To do >> Scan the records below for the line with "Photo 11 from" and the line with "Les Vagabonds Du Mont Bed & Breakfast". Repeat those two lines and every line between them exactly, and nothing else.

Input >>
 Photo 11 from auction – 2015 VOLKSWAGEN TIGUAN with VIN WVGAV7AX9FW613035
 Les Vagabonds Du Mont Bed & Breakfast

* * *

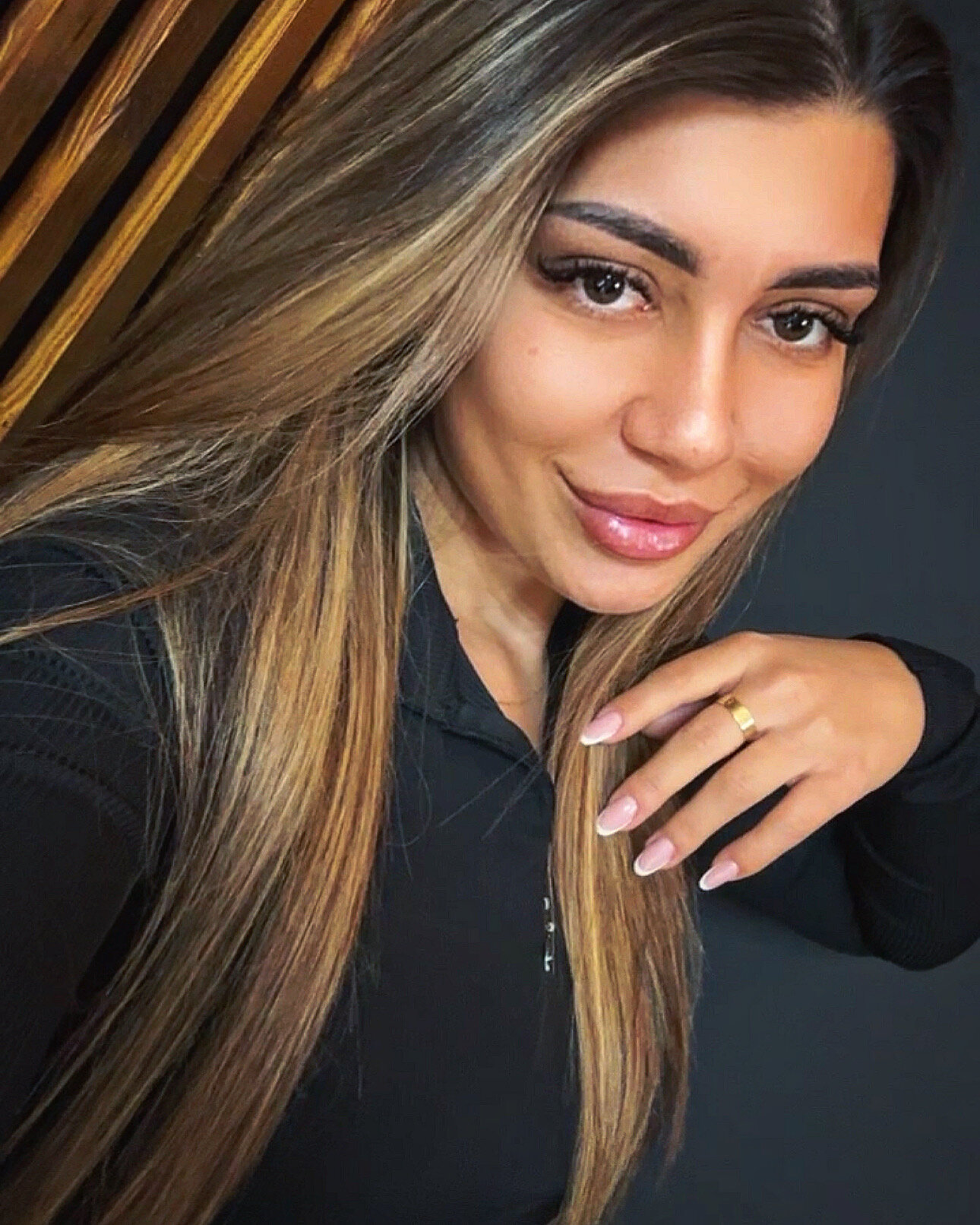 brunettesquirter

Written answer >>
 Photo 11 from auction – 2015 VOLKSWAGEN TIGUAN with VIN WVGAV7AX9FW613035
 Les Vagabonds Du Mont Bed & Breakfast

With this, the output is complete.